Burlington Mayor Miro Weinberger huddles with city employees during a city council meeting last night. Credit: Mark Davis

The Burlington City Council on Monday night approved initiatives supporting non-citizens’ rights to participate in local elections and serve on city boards.

After more than a dozen people, including many refugees, voiced support for the proposals, the council took the first steps in what would be a lengthy, difficult process to bestow local voting rights on people who have not secured American citizenship.

By an 11-2 vote, councilors placed on the March ballot a non-binding referendum that would urge state lawmakers to change the Vermont constitution and give non-citizens the right to vote in municipal and school elections, with councilors Dave Hartnett (D-Ward 4) and Kurt Wright (R-Ward 4) opposed.

And in a unanimous vote, councilors ordered the charter change committee to draft a proposed ordinance for the March ballot that would allow non-citizens to serve on city boards and work as department heads. 

Even if city voters approve the measures, they would face a lengthy journey before being implemented.
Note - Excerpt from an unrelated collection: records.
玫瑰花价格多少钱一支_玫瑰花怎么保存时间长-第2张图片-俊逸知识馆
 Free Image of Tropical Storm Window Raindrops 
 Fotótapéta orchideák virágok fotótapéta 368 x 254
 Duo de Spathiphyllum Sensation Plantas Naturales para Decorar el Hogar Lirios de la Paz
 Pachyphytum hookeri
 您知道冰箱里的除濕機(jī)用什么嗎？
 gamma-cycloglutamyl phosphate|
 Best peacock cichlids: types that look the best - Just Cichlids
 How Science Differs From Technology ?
The legislature would have to approve both them, and the constitutional amendment would also require a majority vote from all Vermonters. The city has launched similar campaigns at least twice in the past decade, but they foundered well before they could get to state lawmakers.

Speakers urged the council to try again.

Jeetan Khadka, a refugee from Nepal who has been in Burlington for six years, mentioned that the city’s website features a welcome message from Mayor Miro Weinberger touting Burlington as “vibrant,” and “diverse.”

“It’s about building a city that stands up for its values,” Khadka said. “Burlington will be a better place to work, live, and raise a family if all residents are involved in the voting process.”

Burlington High School teacher Erika Lowe, the daughter of a Chinese refugee, said she teaches students in her school —14 percent of whom are learning English as a second language — to value their civic responsibilities.

“We spend a lot of time encouraging our students to value what’s happening in our community and to pay attention to the news,” Lowe said. “Essentially, we’re preparing out students to be a part of the community when they won’t have a vote in that community. Hearing that voice, it’s important.”

While the measures might face long odds in the legislature, Councilor Rachel Siegel (P-Ward) noted that one year after Burlington voters passed a non-binding referendum urging lawmakers to decriminalize marijuana, legislators made that historic step.

“The legislature really does look to us in Burlington as leaders for change,” Siegel said. “I think change is coming.”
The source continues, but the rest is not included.